It's a sign of our age that the few outdoor benches that are scattered around the local area are increasingly important to us. Time was when, if we needed a rest, we simply sat on some convenient rock or on a clump of heather heather. These days, getting that far down and up again is a bit of a challenge.
Our walks are now limited to a maximum of about four kilometres - that's two-and-a-half miles in the old currency - and we usually have a walk of some sort every day of the week.
This bench overlooks the tidal pool at the entrance to Loch Fleet, a good spot for watching eider and merganser and other diving birds, as well as waders on the sand and shingle banks.
There are several other benches in this part of the National Nature Reserve but they are all within a short stagger of the car parks, a reflection of what limited distances most people walk.
There benches are in a small field at Drummuie, on the path which the Council put in which leads from the Council Offices towards the village centre. I suppose it was put in to encourage people to walk to the offices but the few souls we see along the path are, like us, residents in nearby houses.
The right-hand bench looks directly down to the A9 and two bus stops, then across the Inverness to Wick railway line and a field, then the golf course, and finally across the Moray Firth towards Easter Ross. I like sitting there watching the huge variety of traffic that passes along one of Scotland's main trunk roads. As well as traffic following the now over-popular North Coast 500 route, it carries everything bound for Sutherland, Caithness and the Orkneys.
This is my favourite bench, and I've written often enough about it. It's on the coast path north from Golspie, just before a walker reaches Dunrobin Castle. It's one of three benches scattered along this half-mile of track but the other two have subsided and tipped backwards, so are much less comfortable.
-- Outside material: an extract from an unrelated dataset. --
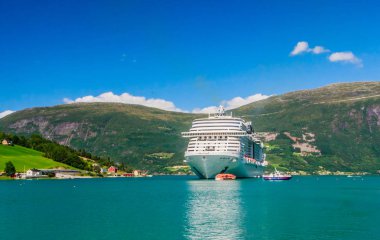 Lüks yolcu gemisi Msc Meraviglia Eski Norveç 'in fiyordunda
It's a great bench from which to watch a variety of shore birds and it's from this bench that I had my only two sightings of otters. The rough grassland is good for wildflowers and, thanks to them, a variety of butterflies and other insects. For example, it's one of two places around Golspie where six-spot burnets can be found.
The bench has a plaque on it, and somebody maintains it once a year. I don't know who the Hagans were, but I am very grateful to them and, presumably, their family for their thoughtfulness for I, too, love this place.